The change came quickly — I began shopping for a home in June and purchased my current residence in July after it had been on the market just two days. I knew immediately that it was the home I wanted to buy. We moved on Labor Day weekend and have spent the past two months getting settled in.
The change came after many years of dreaming and planning, however.
And that is my confession: I thought I was doing the right thing for my children by continuing to reside with their father. I now realize that I was wrong. I should have taken them with me and established a new home for the three of us many years ago. If I had done so, they would not have had to endure some of the challenges and disappointments that they have experienced. But I felt that I was putting their needs ahead of my own by remaining in the marriage.
I now know that my children were victims of my good intentions. All of the choices I have made since the moment I learned I was carrying each of them have been choices made in their favor, on their behalf, with their very best interests at the forefront of my deliberative process. But they would have been better off had I chosen to be happy myself. I have now seen that much of their happiness flows from my own.
There are as many reasons why marriages do not last as there are marriages, and I have no plan to chronicle private details about the 24 years I spent with their father. What I will say is this: I believe that not everyone is meant to be or should be married, but many of us grew up believing that marriage and children were our inevitable destiny. I do not believe that marriage is conducive to my personality and habits. As I told one friend, “I don’t play well with others when it comes to my house and the way I want it maintained.” I am a very fastidious, orderly, organized person. I can’t stand clutter or chaos. I could never again cohabit with someone who is not as adamant about cleanliness as I am.

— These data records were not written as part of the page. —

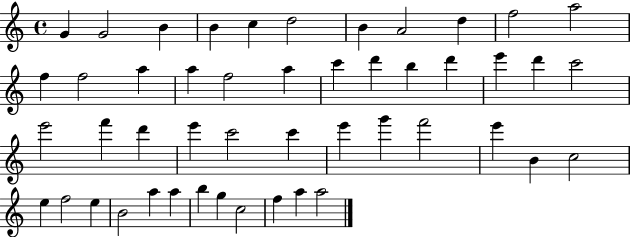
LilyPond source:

{
  \clef treble
  \time 4/4
  \defaultTimeSignature
  \key c \major
  g'4 g'2 b'4 | b'4 c''4 d''2 | b'4 a'2 d''4 | f''2 a''2 | \break f''4 f''2 a''4 | a''4 f''2 a''4 | c'''4 d'''4 b''4 d'''4 | e'''4 d'''4 c'''2 | \break e'''2 f'''4 d'''4 | e'''4 c'''2 c'''4 | e'''4 g'''4 f'''2 | e'''4 b'4 c''2 | \break e''4 f''2 e''4 | b'2 a''4 a''4 | b''4 g''4 c''2 | f''4 a''4 a''2 | \break \bar "|."
}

I would never presume to speak for or on behalf of BigBob. But I am happier than I have been in . . . oh, about 24 years. My boys tell me that they are much happier now and they certainly appear to be. They are flourishing in their new home with me, while maintaining, on their own terms, their relationships with their father. They bring Sophie over to our new home for what I refer to as “custodial visits,” and see Buddy when they go back to my other house where they still have their rooms.
I don’t believe in regret, so this will likely be the only “confessional” I will write. As time passes, the twinges of guilt are less frequent. The “V-8 moments” when I recall an incident or situation and know now what I didn’t know then, i.e., that it would have been an ideal time to move, are gradually becoming less intrusive and painful. My boys are confident in the fact that both of their parents love them unconditionally, but are flawed beings lacking prescience. And I am confident that all three of us are doing just fine — and will continue to thrive.